Now, what you should know about this couple is that (1) Vicki has asthma, and (2) Nick thinks she's a real loser for having all this asthma which sometimes keeps her from running very fast. He berates her regularly for stopping to breathe. (If you are thinking, "Wow, jerk," you are right.)
Last night, they faced a task where they had to go out in a sampan in Hong Kong and look — in the dark, with flashlights — for a boat with a particular registration number. It was tedious, tiring work, and Nick decided he didn't want to do it. (This despite the fact that he'd been sitting around with nothing to do but complain while Vicki tackled a previous task that called upon her to eat a bunch of sushi. It's a long story.) Vicki wanted to keep at it, but Nick got nastier and nastier until he just lay down in the bottom of the boat, put his bandana over his eyes, and went to sleep, telling her he wanted to quit. She carried on for a bit without him, but then admitted that she couldn't stay on the race without her partner if he wanted to quit, they gave up and went to the "pit stop," the endpoint for the episode, announcing that they were taking their penalty and throwing in the towel.

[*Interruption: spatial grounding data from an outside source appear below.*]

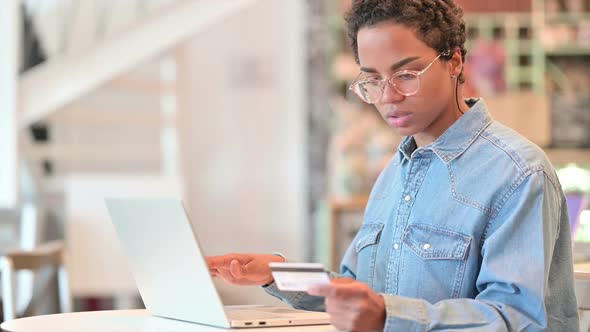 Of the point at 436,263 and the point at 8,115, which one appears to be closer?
the point at 436,263

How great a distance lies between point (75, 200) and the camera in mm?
5062

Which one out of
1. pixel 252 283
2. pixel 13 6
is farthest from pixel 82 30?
pixel 252 283

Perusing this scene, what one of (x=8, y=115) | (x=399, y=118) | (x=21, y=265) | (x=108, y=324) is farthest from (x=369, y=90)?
(x=8, y=115)

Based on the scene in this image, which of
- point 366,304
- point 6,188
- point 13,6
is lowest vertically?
point 6,188

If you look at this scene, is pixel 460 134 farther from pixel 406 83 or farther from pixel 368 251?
pixel 368 251

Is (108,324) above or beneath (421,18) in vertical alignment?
beneath

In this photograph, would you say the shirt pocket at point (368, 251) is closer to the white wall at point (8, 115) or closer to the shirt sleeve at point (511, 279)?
the shirt sleeve at point (511, 279)

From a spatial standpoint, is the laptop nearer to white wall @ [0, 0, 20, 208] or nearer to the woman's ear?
the woman's ear

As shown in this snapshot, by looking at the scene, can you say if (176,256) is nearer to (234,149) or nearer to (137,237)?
(137,237)

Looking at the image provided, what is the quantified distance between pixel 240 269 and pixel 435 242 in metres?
0.32

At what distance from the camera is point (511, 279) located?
1363 millimetres

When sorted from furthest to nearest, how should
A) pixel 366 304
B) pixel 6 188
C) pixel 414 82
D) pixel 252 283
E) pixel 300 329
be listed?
1. pixel 6 188
2. pixel 252 283
3. pixel 414 82
4. pixel 300 329
5. pixel 366 304

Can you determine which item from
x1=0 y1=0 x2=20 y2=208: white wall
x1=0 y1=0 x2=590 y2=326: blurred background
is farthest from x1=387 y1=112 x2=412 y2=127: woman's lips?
x1=0 y1=0 x2=590 y2=326: blurred background

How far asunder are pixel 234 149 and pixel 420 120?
5.14 m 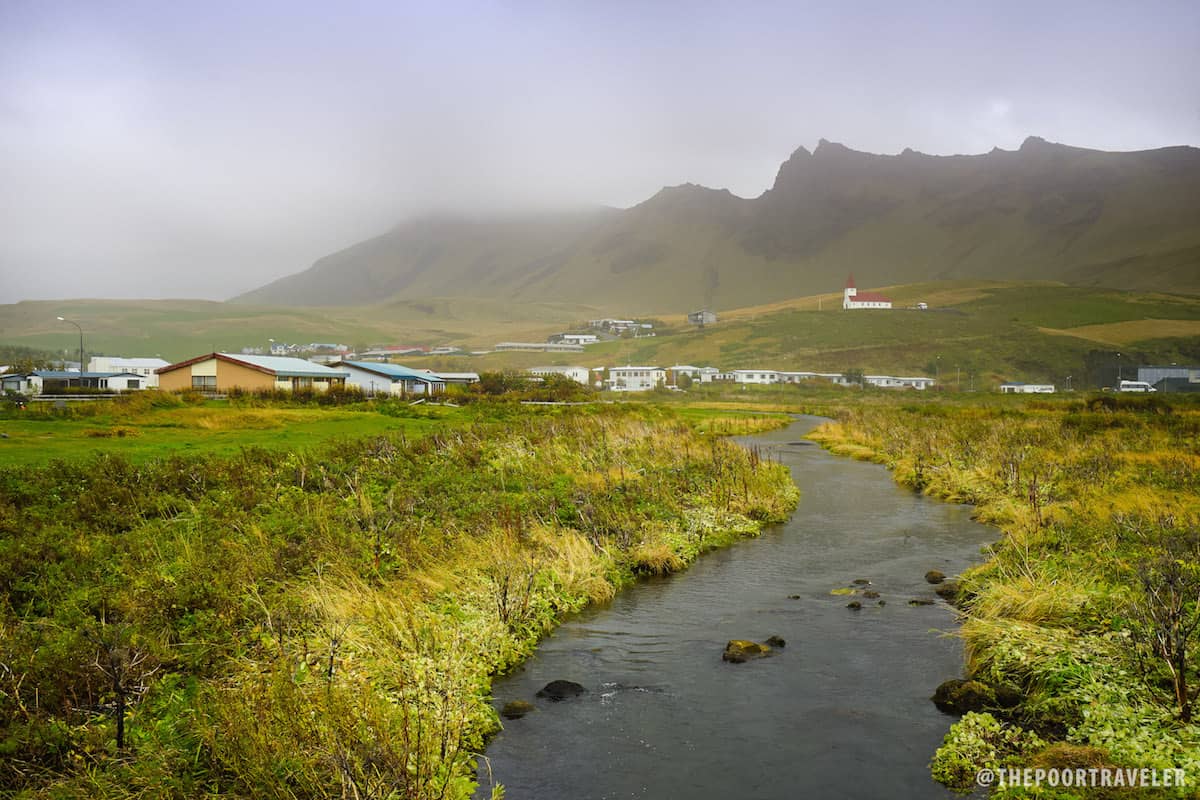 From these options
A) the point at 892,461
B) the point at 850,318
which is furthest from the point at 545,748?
the point at 850,318

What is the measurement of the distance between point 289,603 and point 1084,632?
1226 cm

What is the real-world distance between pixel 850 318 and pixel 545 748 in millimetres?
173899

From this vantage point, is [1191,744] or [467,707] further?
[467,707]

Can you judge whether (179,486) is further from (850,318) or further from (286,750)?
(850,318)

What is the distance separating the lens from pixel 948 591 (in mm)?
17078

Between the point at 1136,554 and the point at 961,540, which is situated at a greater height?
the point at 1136,554

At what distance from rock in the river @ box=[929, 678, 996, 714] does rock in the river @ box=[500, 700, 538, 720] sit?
592 cm

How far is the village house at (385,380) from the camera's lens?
71812 millimetres

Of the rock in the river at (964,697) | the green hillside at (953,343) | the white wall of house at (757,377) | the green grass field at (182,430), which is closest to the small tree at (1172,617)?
the rock in the river at (964,697)

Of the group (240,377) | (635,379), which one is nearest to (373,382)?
(240,377)

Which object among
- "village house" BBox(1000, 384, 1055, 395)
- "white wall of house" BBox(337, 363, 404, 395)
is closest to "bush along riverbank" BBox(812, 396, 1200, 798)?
"white wall of house" BBox(337, 363, 404, 395)

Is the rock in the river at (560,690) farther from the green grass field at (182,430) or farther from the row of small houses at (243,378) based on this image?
the row of small houses at (243,378)

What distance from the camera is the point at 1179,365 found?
419 feet

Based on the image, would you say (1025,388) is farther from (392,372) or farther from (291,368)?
(291,368)
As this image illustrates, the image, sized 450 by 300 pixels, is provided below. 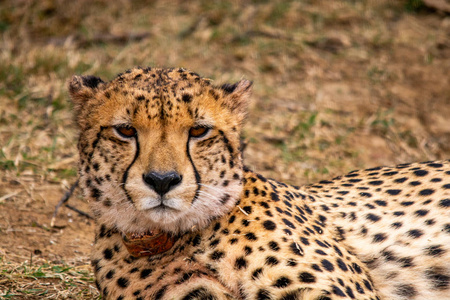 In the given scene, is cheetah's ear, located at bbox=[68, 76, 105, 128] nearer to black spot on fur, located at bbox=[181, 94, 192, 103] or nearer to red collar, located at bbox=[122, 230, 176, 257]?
black spot on fur, located at bbox=[181, 94, 192, 103]

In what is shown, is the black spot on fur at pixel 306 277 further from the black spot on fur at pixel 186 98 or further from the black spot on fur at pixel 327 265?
the black spot on fur at pixel 186 98

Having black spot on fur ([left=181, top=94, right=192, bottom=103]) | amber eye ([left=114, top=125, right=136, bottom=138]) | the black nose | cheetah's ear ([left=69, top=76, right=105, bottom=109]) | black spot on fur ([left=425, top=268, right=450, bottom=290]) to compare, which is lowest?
black spot on fur ([left=425, top=268, right=450, bottom=290])

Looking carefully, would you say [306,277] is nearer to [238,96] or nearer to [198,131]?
[198,131]

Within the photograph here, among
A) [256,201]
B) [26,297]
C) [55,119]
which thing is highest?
[256,201]

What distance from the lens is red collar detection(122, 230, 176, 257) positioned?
2.61 m

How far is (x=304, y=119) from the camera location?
5664 mm

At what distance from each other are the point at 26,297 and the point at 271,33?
15.4 feet

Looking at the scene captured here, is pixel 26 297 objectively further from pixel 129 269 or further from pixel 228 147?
pixel 228 147

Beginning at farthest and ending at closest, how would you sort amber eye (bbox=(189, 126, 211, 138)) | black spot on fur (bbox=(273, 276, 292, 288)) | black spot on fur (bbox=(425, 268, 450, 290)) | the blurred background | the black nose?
the blurred background → black spot on fur (bbox=(425, 268, 450, 290)) → amber eye (bbox=(189, 126, 211, 138)) → black spot on fur (bbox=(273, 276, 292, 288)) → the black nose

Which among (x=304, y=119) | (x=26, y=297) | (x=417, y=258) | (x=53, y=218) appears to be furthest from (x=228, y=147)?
(x=304, y=119)

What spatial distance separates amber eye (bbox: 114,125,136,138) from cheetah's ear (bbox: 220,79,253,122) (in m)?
0.50

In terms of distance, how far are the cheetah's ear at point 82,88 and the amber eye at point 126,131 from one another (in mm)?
352

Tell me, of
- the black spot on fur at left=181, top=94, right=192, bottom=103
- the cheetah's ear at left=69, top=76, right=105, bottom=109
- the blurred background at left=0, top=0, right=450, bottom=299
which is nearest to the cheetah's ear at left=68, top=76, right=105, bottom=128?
the cheetah's ear at left=69, top=76, right=105, bottom=109

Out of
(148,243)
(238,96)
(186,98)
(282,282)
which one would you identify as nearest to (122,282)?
(148,243) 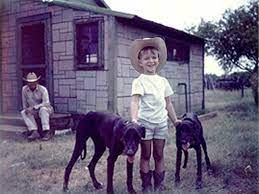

Their penalty turned out to be six hours. And it turned out that this was one of the handful of legs of the race that's "non-elimination," meaning that the team that comes in last isn't eliminated, but continues on, albeit starting from last place. (Generally, you leave for the next leg in the order, and with the time differences, you arrived at the end of the last leg.) And while they'll be at least six hours behind at the beginning of the next leg, it can easily happen that the need to book and wait for long flights eats up hours of difference, causing all the teams to catch up to each other. Obliterating a six-hour lead would be far from unheard of.
So it's entirely possible that quitting the task will have absolutely no effect whatsoever. It is entirely certain that all the other teams, had they known Nick and Vicki were going to quit, could have saved themselves the mental exhaustion of actually doing the task and taken the penalty themselves.
To put it simply, this is wimp stuff, and Race is not supposed to be a game for wimps. The penalty for task-skipping of the particular kind Nick and Vicki engaged in was once 24 hours. An entire day! That's a difference that flight times wouldn't eradicate. If it were 24 hours, it would polish them off, as it should. Six hours is totally different. Six hours is "well, the teams ahead of you have to wait for the airport to open, and then there's only one flight per day from Hong Kong to Melbourne," and before you know it, POOF. Everybody's tied.
Quitting has to mean doom. Quitting has to mean being gone. Quitting has to mean quitting. Capital Q, capital U ... you get the idea. Should Nick and Vicki win, they will rightly be the most despised victors of all time, because they quit. They shouldn't be there anymore. Teams have searched inside bales of hay for hours and hours, unwilling to quit. They've struggled with rain, with cliffside ascenders, with puzzles, with pounds of caviar ... good and bad challenges, they have figured out how to not quit.
Everybody who quits and rolls over pitifully has to have a worse outcome compared to what would have happened to them if they hadn't quit. Otherwise, you have no game, and you have no show. Letting some dip lie down in a boat and passive-aggressively hassle his girlfriend into quitting, only to let them both take a big fat nap and then return to fight again the next day? Forget it. That's not racing. That's a bad vacation.